-- DATASET EXTRACT --
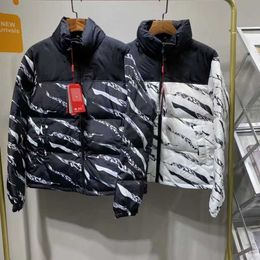 zebra print hoodies Australia - Designer Fashion Zebra Print Limited Cotton Jacket For Autumn And Winter Storage Hooded Down Cotton Jacket Fashionable Splicing For Lovers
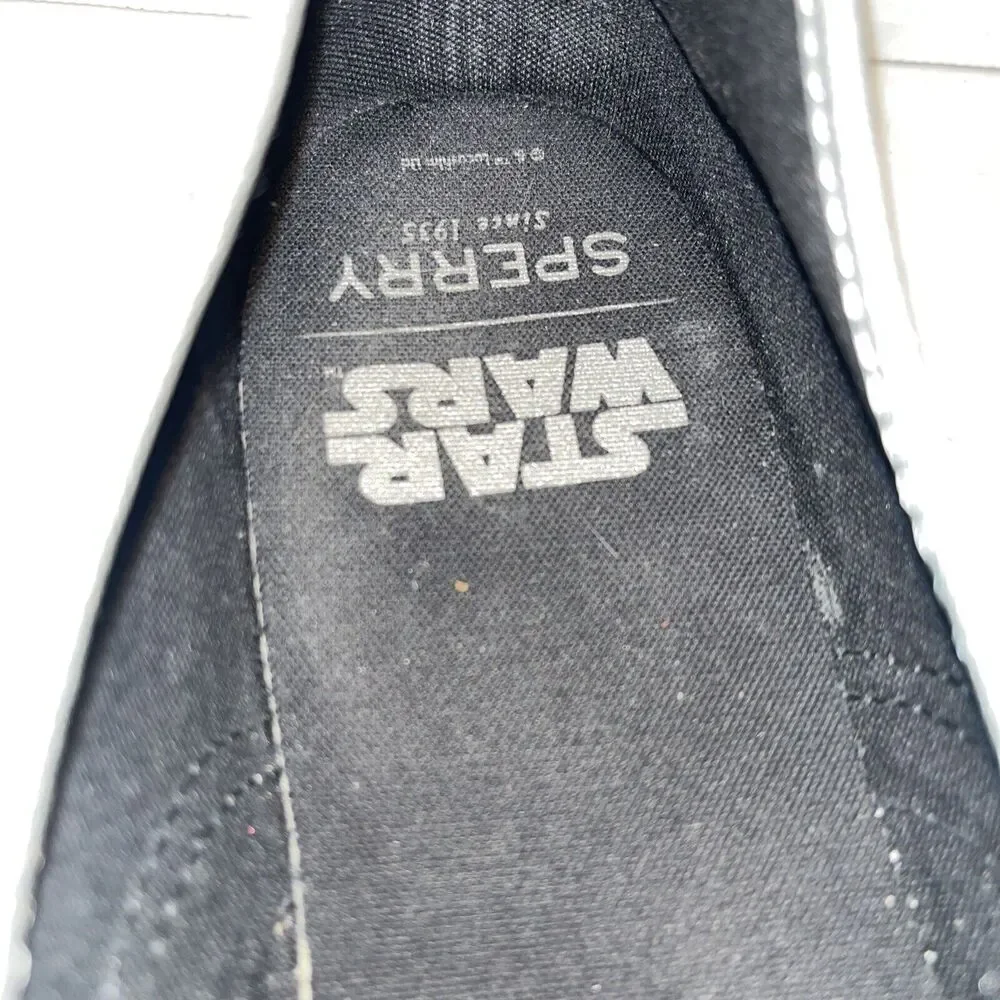 Sperry Cloud Droids Star Wars Mens Casual Multicolor Slip On Boat Shoes Size 9.5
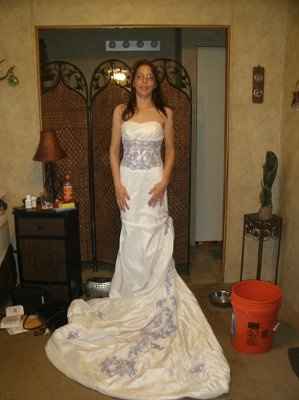 What makes a girl smile again? Dress and Rings:)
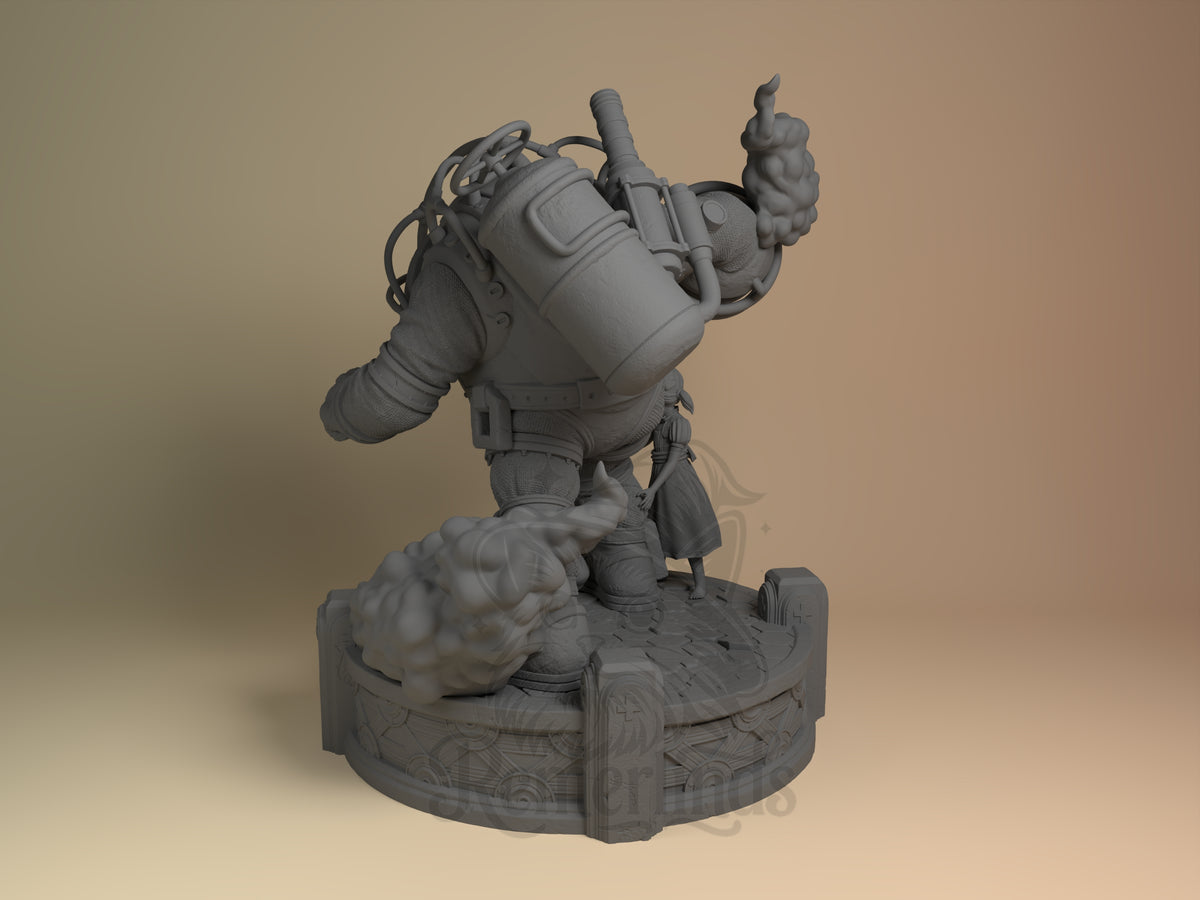 Left side angle showing gesture, weapon, or outfit detail.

-- TASK TO COMPLETE --
Only the lines from the one containing "Sperry Cloud Droids" through the final line of the data should be given again, exactly and without pictures.

-- ANSWER AREA --
 Sperry Cloud Droids Star Wars Mens Casual Multicolor Slip On Boat Shoes Size 9.5
 What makes a girl smile again? Dress and Rings:)
 Left side angle showing gesture, weapon, or outfit detail.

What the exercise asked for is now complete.